What Happens to Customers Most Brands Exclude?
In 2012, I quit my corporate career to start my own business. Leaving that job to work on my dream also meant leaving my health insurance. I liked all my doctors and wanted to continue seeing them, so I applied for the same insurance with the same company I’d had for the previous nine years.
My application was denied almost instantly. During the course of my nine years of employment, I was diagnosed with an autoimmune disorder. Even though I was in remission and healthy–I’d completed a triathlon the prior year–my pre-existing condition was grounds for the company to tell me “you don’t belong here.”
That insurance company wasn’t the only one to deny me. To them, my differences were something they didn’t want to be bothered with. So they turned me away. Unable to pay the high cost of my medications without insurance, I eventually was no longer in remission and ended up in the hospital.
While this is an extreme example, there are plenty of businesses today who send the same “you don’t belong here” signal to customers who have differences. Brands send these signals all the time to people of color, those of certain religions, those who wear larger sizes, those who have dietary restrictions, those with certain sexual orientations, those of a certain age, and a long list of others.
And while the consequences of sending those “you don’t belong here” signals may not be as extreme as they were in my case with the insurance companies, do know that pushing groups of consumers away can have a negative impact on their ability to achieve success with the problem your business could have helped them solve.
“I’ve been to the mountaintop,” Martin Luther King Jr. said in the final speech he gave before he was killed.
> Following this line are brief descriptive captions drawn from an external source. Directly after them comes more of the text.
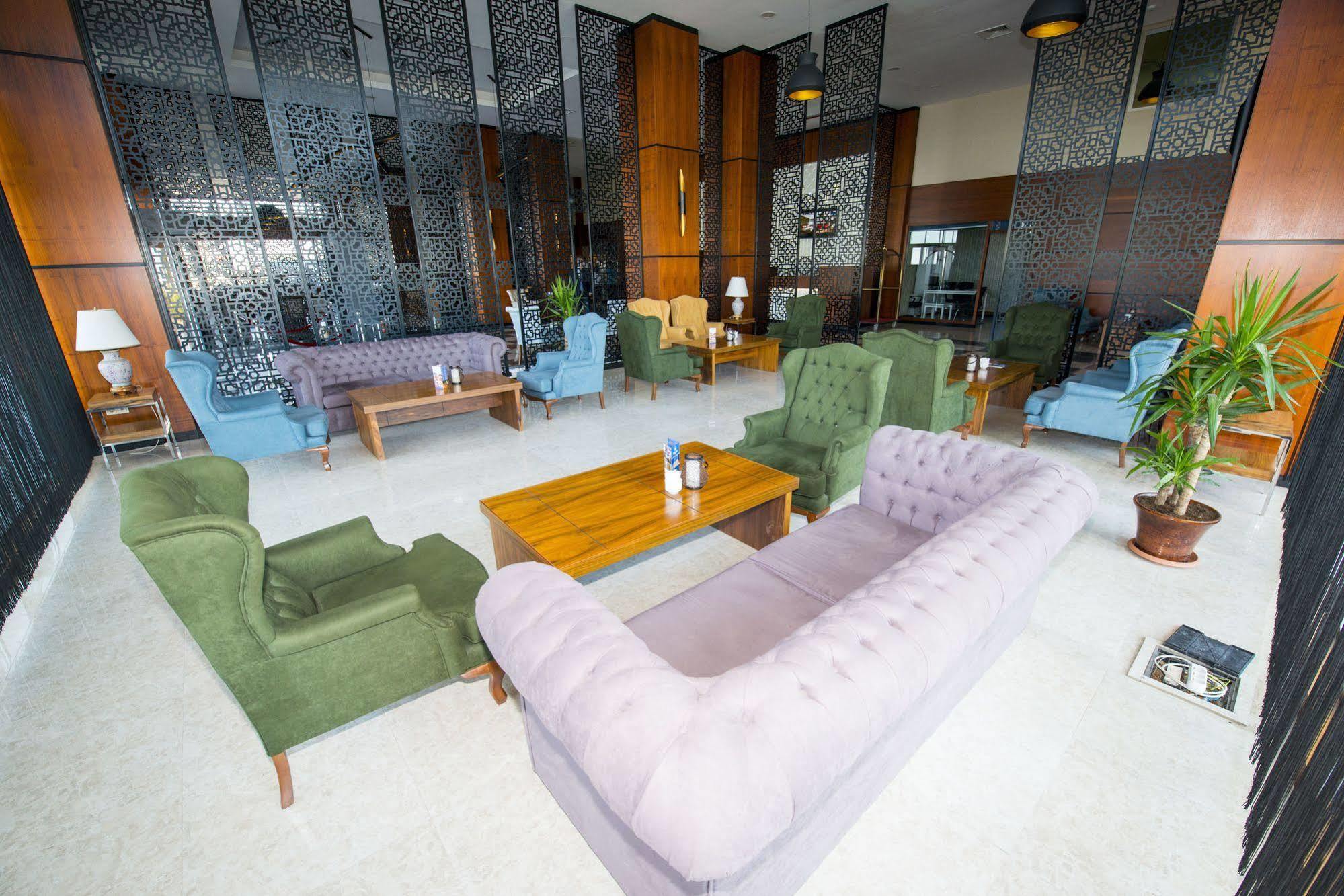 Hotel Manesol Fuar à Istambul Extérieur photo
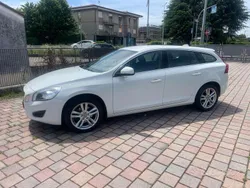 Bianco Usata 2011 Volvo V60 Summum Station wagon | 5300 € (Ottimo prezzo)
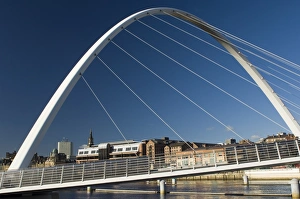 Newcastle Upon Tyne Architecture Drucke: Gateshead Centenary Footbridge, Newcastle upon Tyne, Tyneside, England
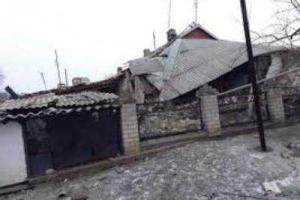 Боевики «ДНР» сообщили о первых разрушениях в результате обстрелов после ввода «режима тишины»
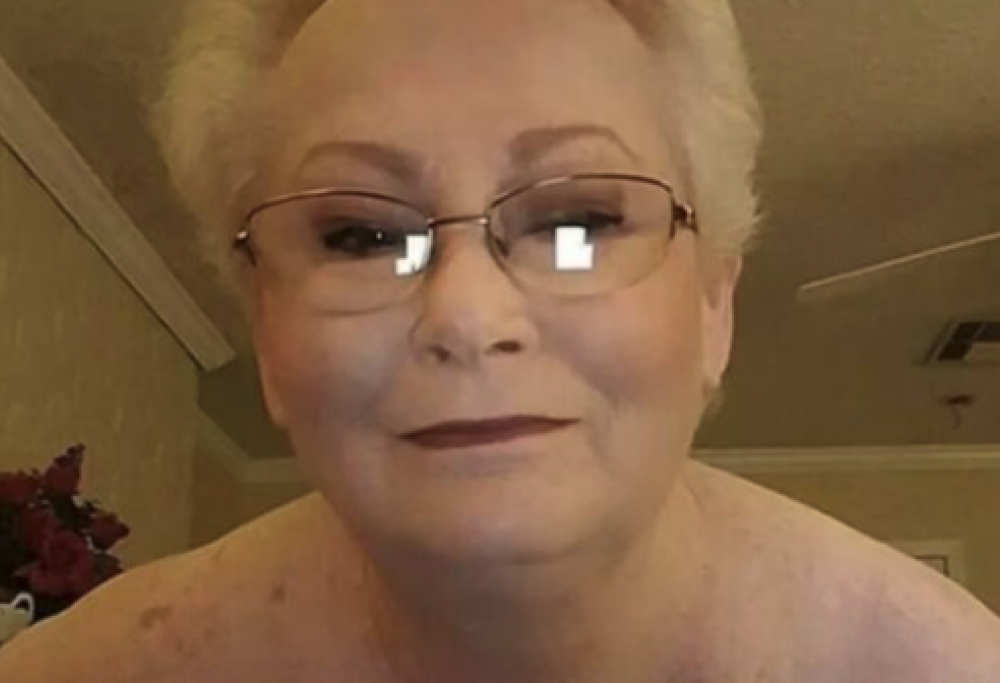 Nonnina hot spopola su OnlyFans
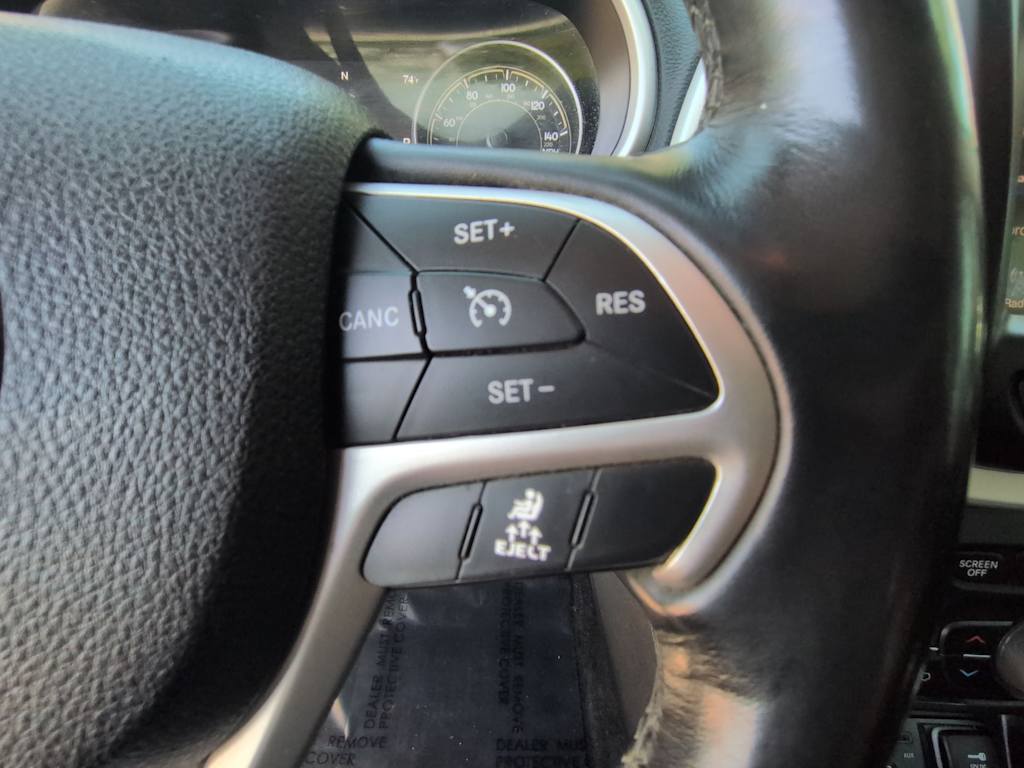 Thumbnail: 2016 Jeep Cherokee - 33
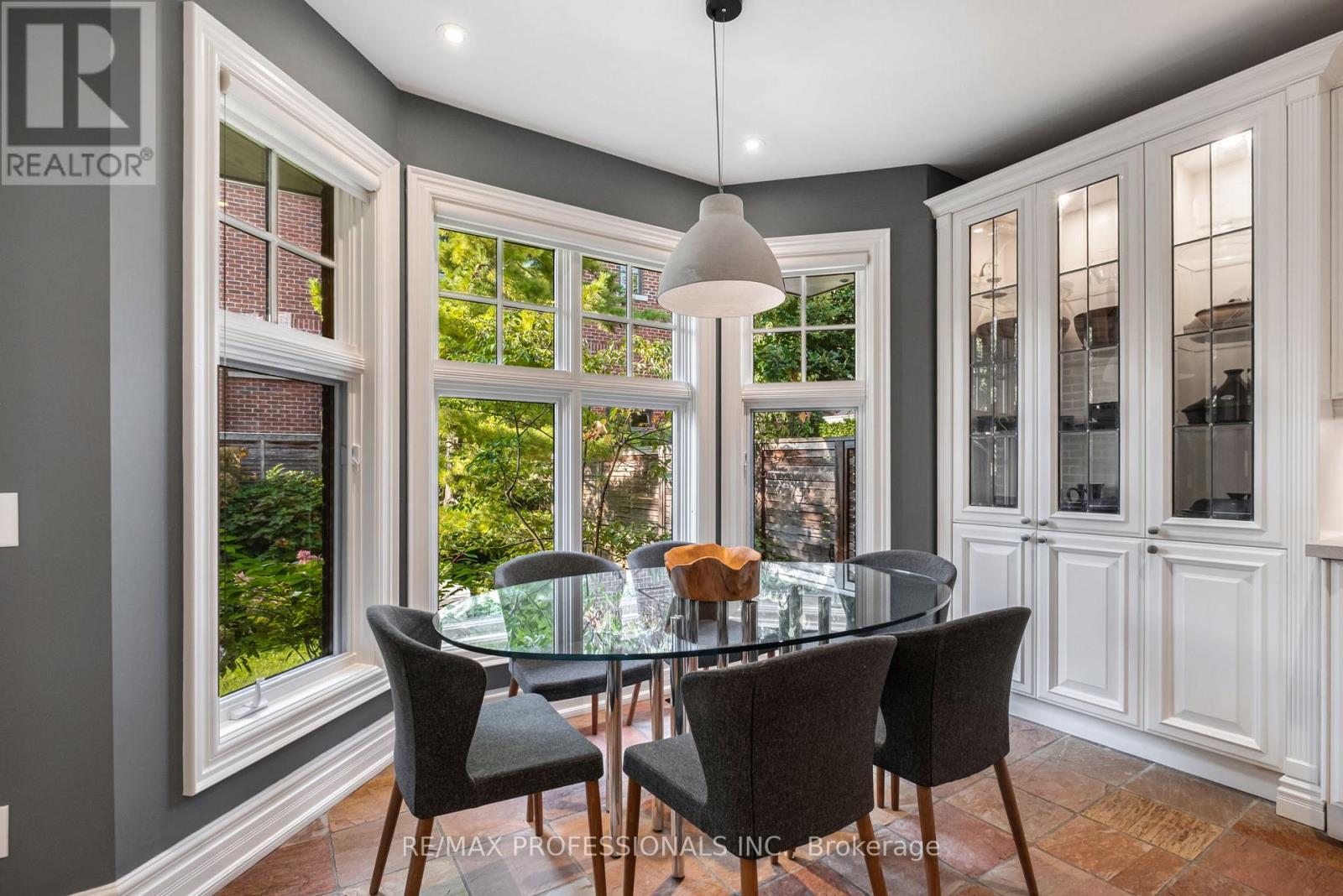 80 Kingsway Crescent, Toronto, Ontario  M8X 2R6 - Photo 15 - W12516712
In it, he offered an alternate way of viewing the Biblical parable of the Good Samaritan. The story goes that a priest and a Levite were walking down a road when they saw a man who’d been badly beaten lying there. They crossed to the other side and left him there. Then a Good Samaritan came by, picked the man up, and saw to it that he was cared for until he was well again.
And so the first question that the priest asked, the first question that the Levite asked, was, “If I stop to help this man, what will happen to me?” But then the Good Samaritan came by, and he reversed the question: “If I do not stop to help this man, what will happen to him?”
Business is about belonging. When your customers feel like they belong with you, they give you their loyalty. When they don’t, they go off in search of another brand that does make them feel like they belong.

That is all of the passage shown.